Monday, August 3, 2009

Adam Clayton, bassist


The Observer has published a very interesting interview to Adam Clayton.


I don't think rock'n'roll is necessarily a young man's game. I think Neil Young is just as rock'n'roll now as he was in his 20s. I'd like to think we can still be edgy and challenging.

I was not an obvious contender. I was actually pretty shy in school. My defence mechanism was to be the class clown. I remember getting into a lot of trouble for being disruptive, and I was brought in front of the headteacher, who said: "What's going to happen to you; what are you going to do when you grow up?" and I said: "Well, I'm obviously going to be a comedian."

From an early age I didn't buy into the value systems of working hard in a nine-to-five job. I thought creativity, friendship and loyalty and pushing the boundaries of what was acceptable was much more interesting.

The longevity of U2 is primarily based on the friendship of four men that have grown up together. Four men that respect and support and love each other. We won't let each other fail.

It's very confusing when fame comes early on in your career. You get a little bit bent out of shape in terms of what's important. Fame is like the dessert that comes with your achievements - it's not an achievement in itself, but sometimes it can overpower the work.

I really enjoy the privileges of fame now. It opens doors and allows you to meet people, and you're in control. When fame first happened I didn't feel in control, and it closed doors to me.

I've never necessarily chosen to be a bachelor. I've had girlfriends throughout the last 20 or 30 years. It's just that there were times when I met people that fascinated me and times I didn't.

The biggest misconception about me was that I was some kind of wild, crazy rock'n'roll firework. It was an easy image to pick up on, but I'd like to think I was a little deeper than that.

I stopped drinking 12 years ago, and it was time. I'd had enough of drinking, drugging and nightclubs. It was a difficult decision to change my life, and it took a while to reprogram, but I've no regrets at all. I've enjoyed every bit of my life. I've had the best of it both ways.

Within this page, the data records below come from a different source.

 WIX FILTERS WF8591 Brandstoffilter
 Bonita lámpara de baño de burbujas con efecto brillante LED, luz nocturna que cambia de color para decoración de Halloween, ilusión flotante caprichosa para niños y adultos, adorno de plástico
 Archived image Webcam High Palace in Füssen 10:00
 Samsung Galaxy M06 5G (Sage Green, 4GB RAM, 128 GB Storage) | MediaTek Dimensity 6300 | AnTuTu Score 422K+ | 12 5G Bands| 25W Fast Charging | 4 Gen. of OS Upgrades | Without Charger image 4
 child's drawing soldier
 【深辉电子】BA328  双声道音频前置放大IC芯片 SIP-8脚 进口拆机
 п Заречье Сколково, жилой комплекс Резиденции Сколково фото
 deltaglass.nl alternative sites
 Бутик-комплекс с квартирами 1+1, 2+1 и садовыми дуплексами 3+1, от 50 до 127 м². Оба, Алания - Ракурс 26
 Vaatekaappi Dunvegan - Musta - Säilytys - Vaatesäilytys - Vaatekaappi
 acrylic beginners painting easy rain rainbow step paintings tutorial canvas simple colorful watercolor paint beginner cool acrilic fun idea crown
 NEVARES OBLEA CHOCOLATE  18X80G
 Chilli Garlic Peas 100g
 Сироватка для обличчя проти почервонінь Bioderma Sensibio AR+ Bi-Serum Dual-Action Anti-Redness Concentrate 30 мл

My greatest achievement is managing to cope with four fingers and four strings.

The worst thing that ever happened to me was being busted. It wasn't that I was treated particularly badly, it was just so stupid, so pathetic, to be busted for cannabis. It was a big newspaper story, and it becomes a whole talking point with your parents and your parents' friends and your friends' children, and you just don't want that debate opened up.

I feel there is a lot more to achieve. In the first 20 years I was functioning on instinct and attitude and rawness, and now I know what I'm doing and can apply those skills in a different way. It's no longer about attitude and rawness, but it's about sophistication and understanding.

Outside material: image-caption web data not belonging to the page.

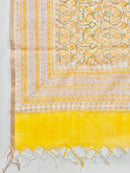 Block Printed Kota Doria Dupatta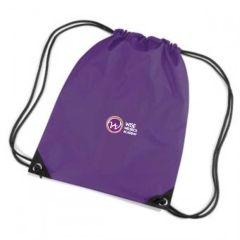 Purple PE Bag - Embroidered with Welbeck Academy Logo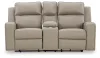 Ashley Furniture 6330794 Lavenhorne - Dbl Rec Loveseat W/Console - Pebble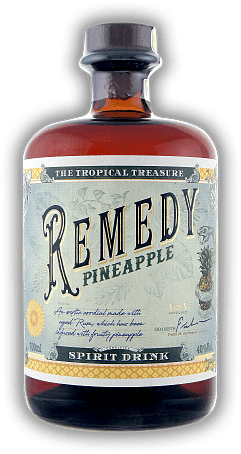 Remedy Pineapple Remedy Pineapple Spirituose auf der Basis von Rum mit raffinierter Ananas-Note. Ein tropischer Schatz. 0,7	 Liter - Vol 40%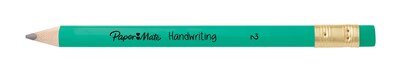Paper Mate Handwriting Triangular Woodcase Pencil Set with Sharpener, HB #2, Fun Barrel Colors, 6 Count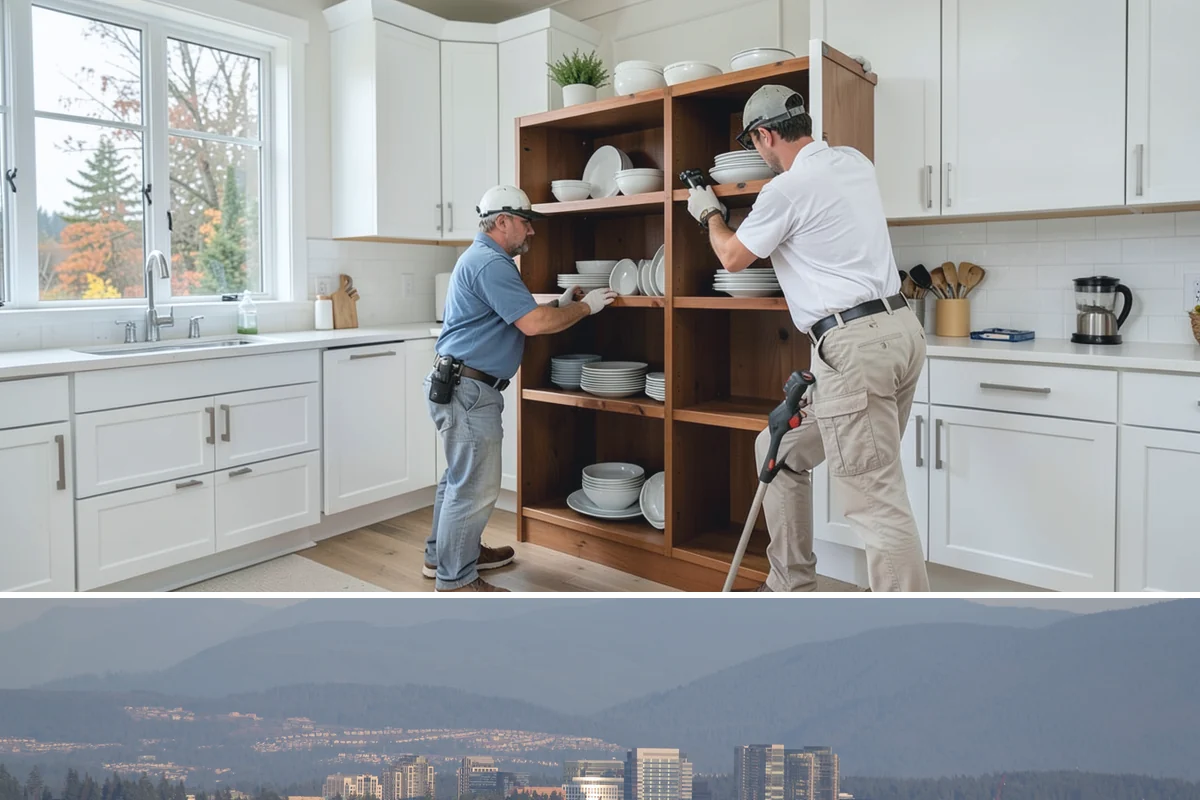 Coffee Bar Installation in Medina, King County, WA - This popular upgrade fits any season and is an easy add to a fall kitchen refresh.
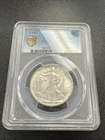 1943 Walking Liberty Half Dollar 50c - PCGS Genuine /  Cleaned / UNC Detail -NR!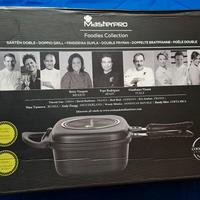 Padella doppio grill MasterPRO Foodies Collection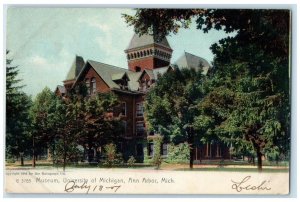 1907 Museum University Michigan Exterior Building Ann Arbor Michigan MI Postcard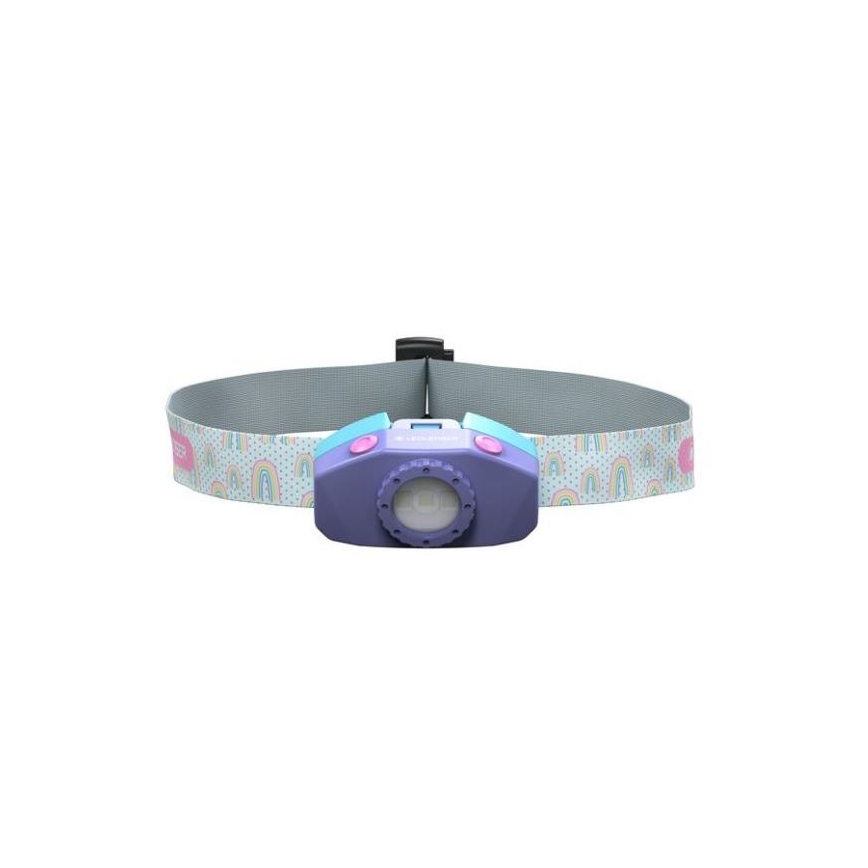 Ledlenser KIDLED4R RAINBOW - LED himmennettävä ladattava lasten otsalamppu LED/280 mAh IPX4 40lm 18 h violetti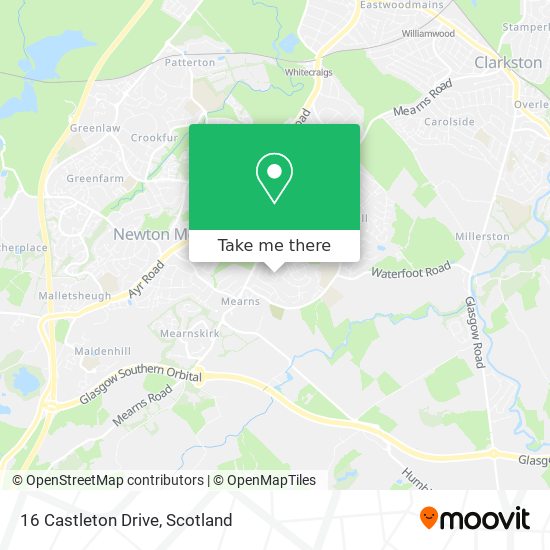 16 Castleton Drive map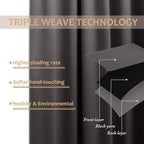 NICETOWN Outdoor Curtain Divider - Image 4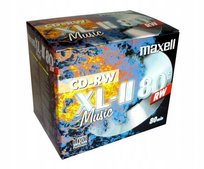 10x PŁYTA MAXELL CD-RW MUSIC XL II 80min AUDIO WIELOKROTNEGO ZAPISU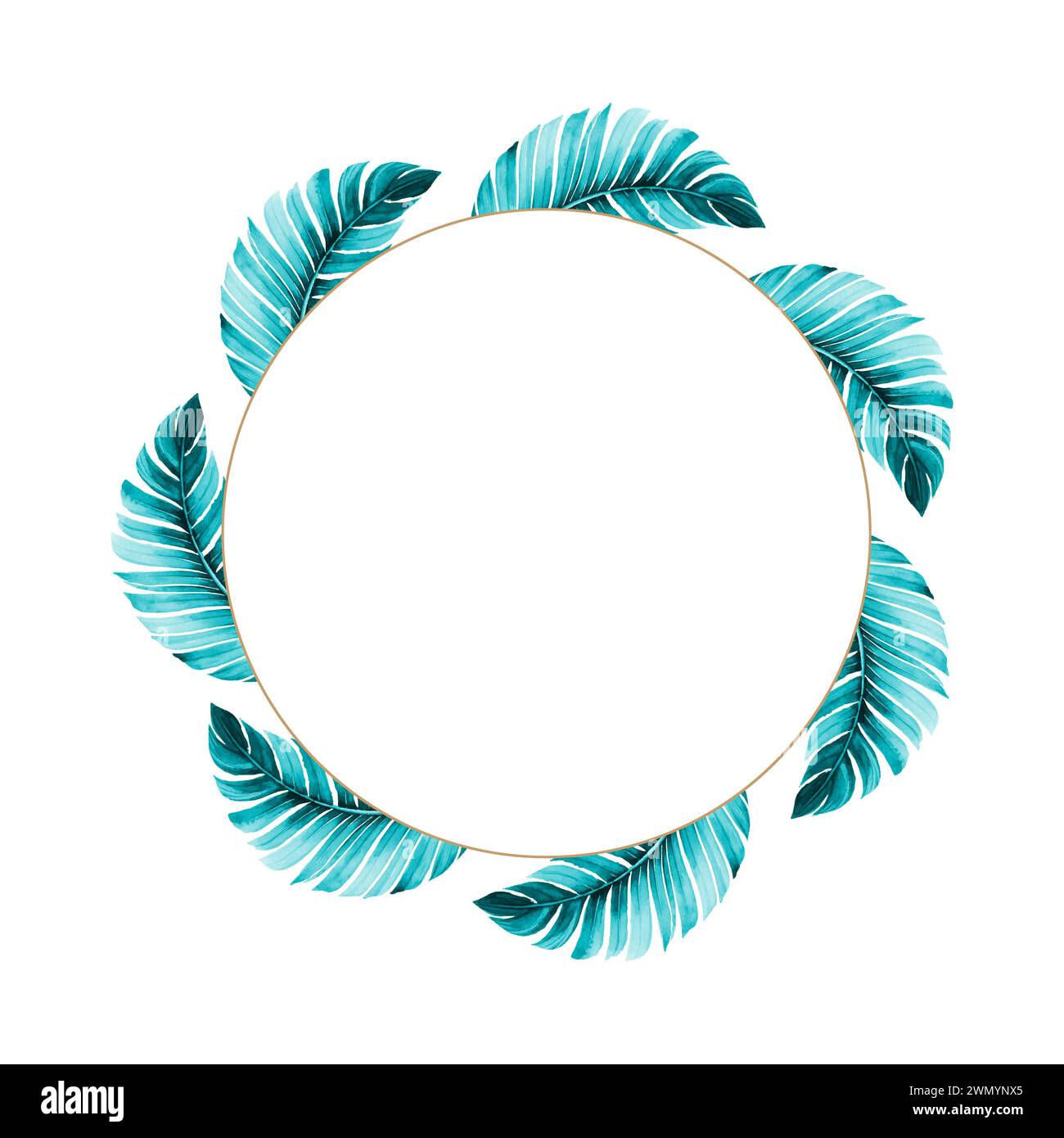 Aquarellblatt Hintergrund vol, Aquarellblatt Hintergrund vol Stockfoto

If I could only take one thing on tour it would be Irish tea bags. Barry's decaffeinated tea bags. I know it sounds crazy, but if you don't travel with your own tea, it never tastes the same.

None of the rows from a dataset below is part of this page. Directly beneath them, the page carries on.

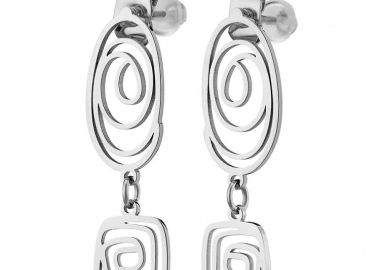 Σκουλαρίκια Από Ατσάλι AS48846 - AMOR AMOR - 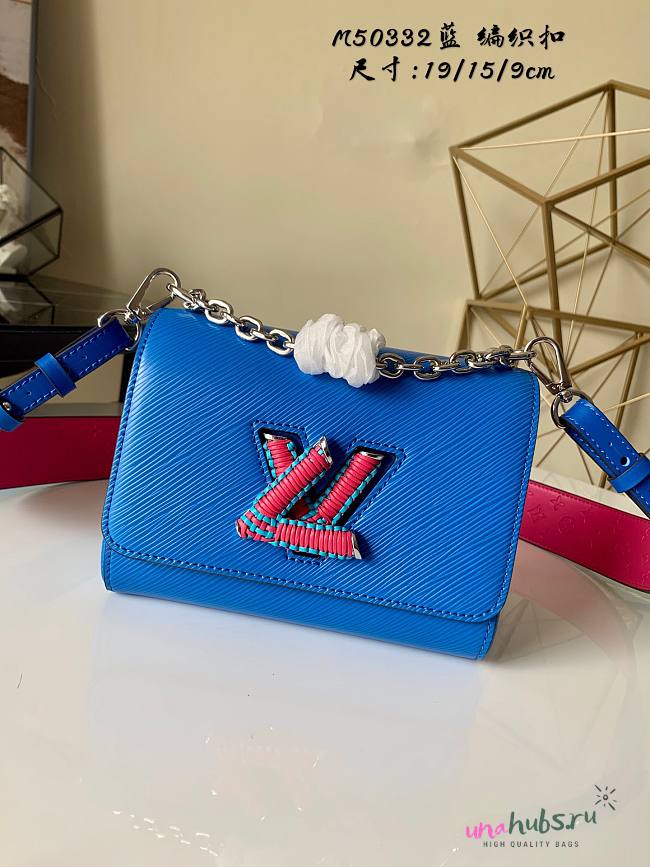 Louis Vuitton Twist PM Epi Leather Blue M57669 - 1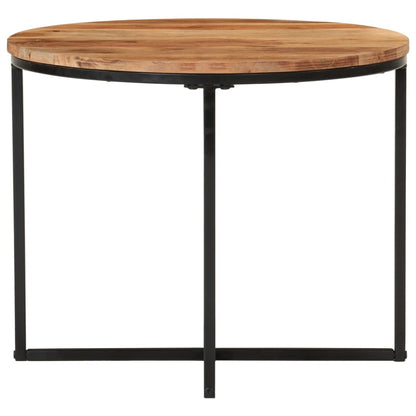 Salontafel Massief Acaciahout En Ijzer 55 x 55 x 45 cm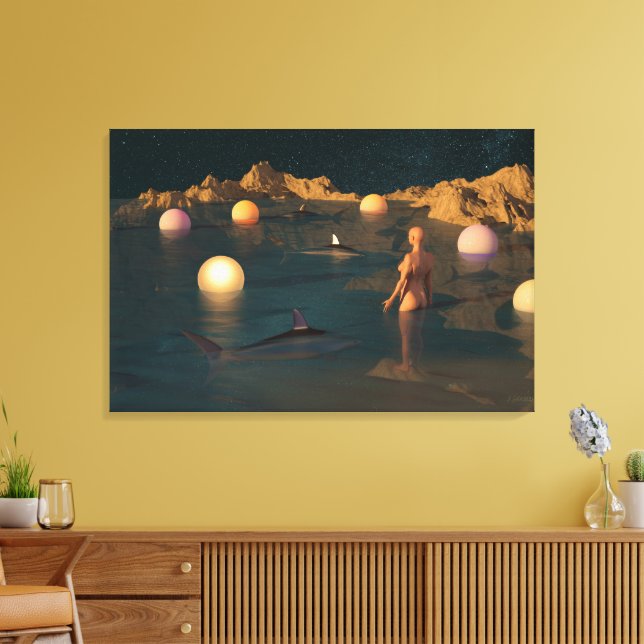 Night Swimming Canvastryck (Insitu (Vardagsrum))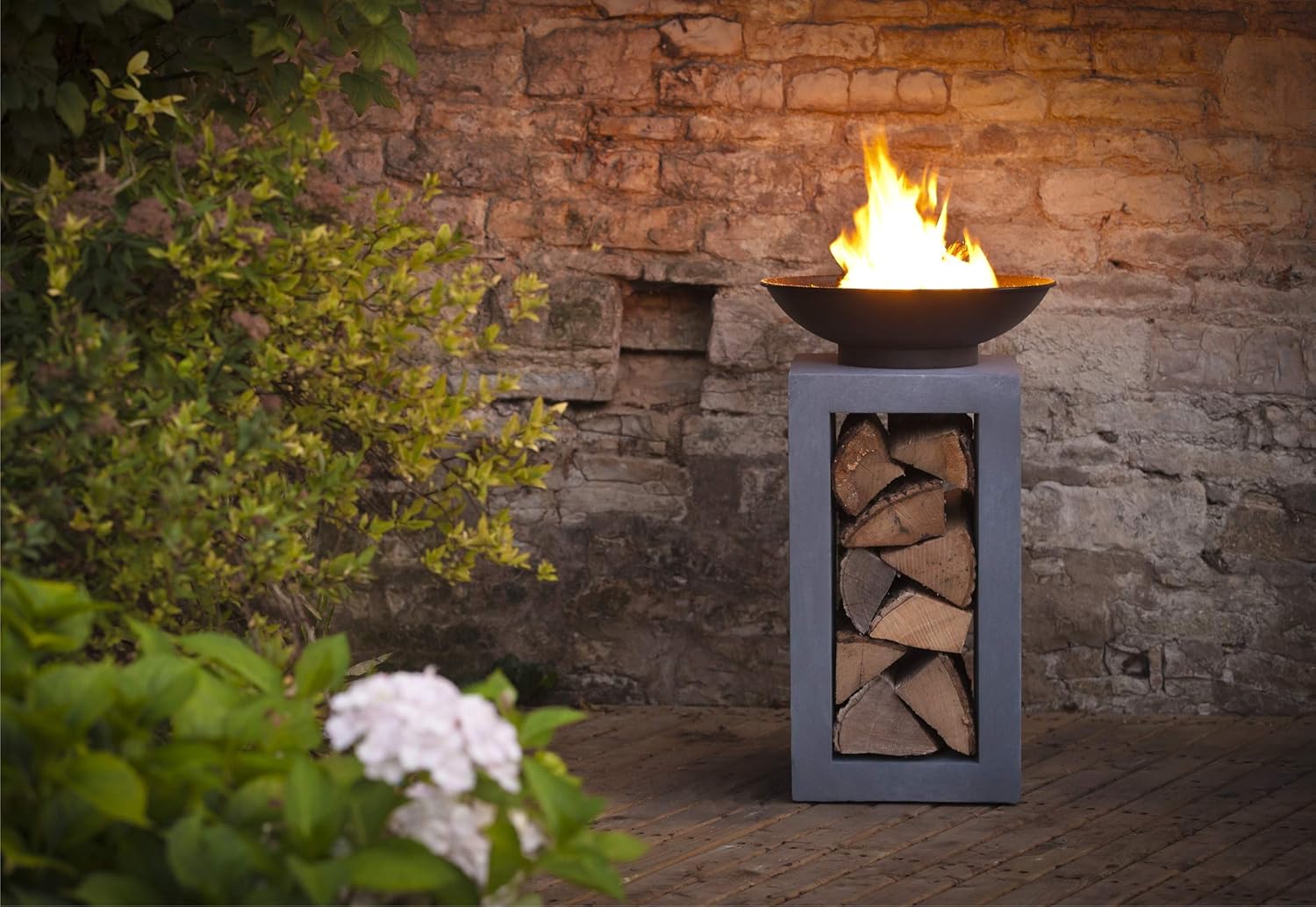 Ivyline Firebowl & Square Console Cement 68cm Fire Bowl Amazon.co.uk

In a loving relationship, as an expression of freedom and fantasy, I think sex is very important.

I don't think I would ever try and repeat U2. I'd be very happy when U2 came to whatever end, and there is no end, really. But I would be happy to move on. It's a very fast world, and a quieter world would be welcome at some stage.

I can look at myself in the mirror. I didn't use to be able to do it. I see someone who is incredibly lucky, who still has so much ahead of him rather than behind him, and I'm very grateful. I cannot believe how good my life is. I did not expect this.